Com 3h de duração, “Escola de Molieres” apresenta uma lerdeza monumental e sonífera. Um espetáculo divertido, lúdico e alegre mas que perde todas estas qualidades quando os relógios ainda marcam 1h45 de tempo corrido.

Há ali um ensaio literal. E o poder de síntese foi viajar de férias. Mesmo Haddad querendo romper com estrutura, não há motivos pertinentes que sejam responsáveis em alongar o tempo daquela maneira. Um espetáculo que poderia ser mais conciso, explorando os atores mais preparados, talvez residiria próximo a este ‘asqueroso’ lugar-comum, mas ao menos teria como resultado algo mais harmonioso, uma estrutura agradável e funcional.

No momento que a platéia passa a perder o foco o objetivo se perde – não há mensagem, não há mais interlocutor e tudo vira um grande circo, com apresentações superficiais – passa a virar entretenimento, talvez.

Em tempos onde o teatro compete com televisão, cinema, cinema 3-d, internet, Playstation, Nintendo wii, iphone entre outras formas de lazer, Haddad se põe, quiçá, como alguém que não busca NOVAS formas de teatro.

-> Como quebrar e atrair um público atravessado por novas mídias?

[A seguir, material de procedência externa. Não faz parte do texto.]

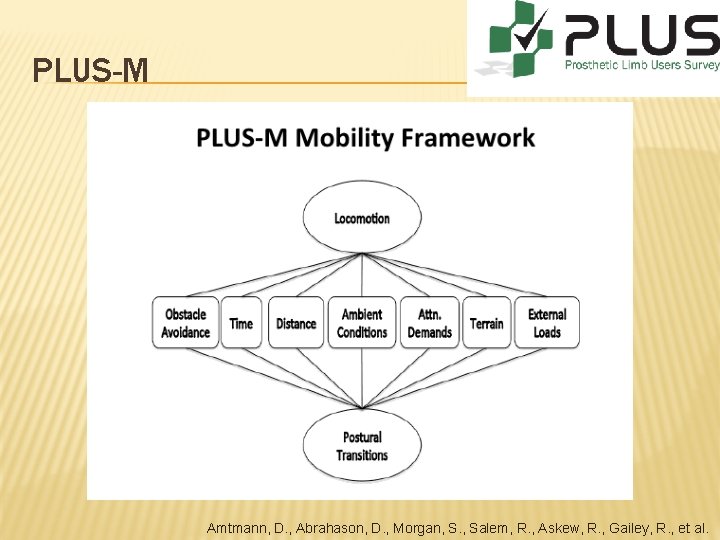 PLUS-M Amtmann, D. , Abrahason, D. , Morgan, S. , Salem, R. , Askew,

Há sim, uma homenagem indefectível ao dramaturgo francês – praticamente um festival, ou melhor: em tempos de rodízio de comida japonesa, Haddad oferece um ‘rodizio’ de Moliere – servido com muito esmero e dedicação.

Recheada de momentos musicais, e certo humor, o que poderia ser muito divertido se torna quase chato. Abençoados são os bons atores que ali estão, pois ‘seguram’ a peça até o final.

Uma coisa é conceber uma obra de arte, outra é obrigar os outros a admirá-la.

Ao mesmo que editar um ensaio parece loucura, não fazê-lo parece ousadia demais.

Entre as duas fico com a loucura – fora do normal e sem arrogâncias.

...

Haddad com certeza é um grande idealizador.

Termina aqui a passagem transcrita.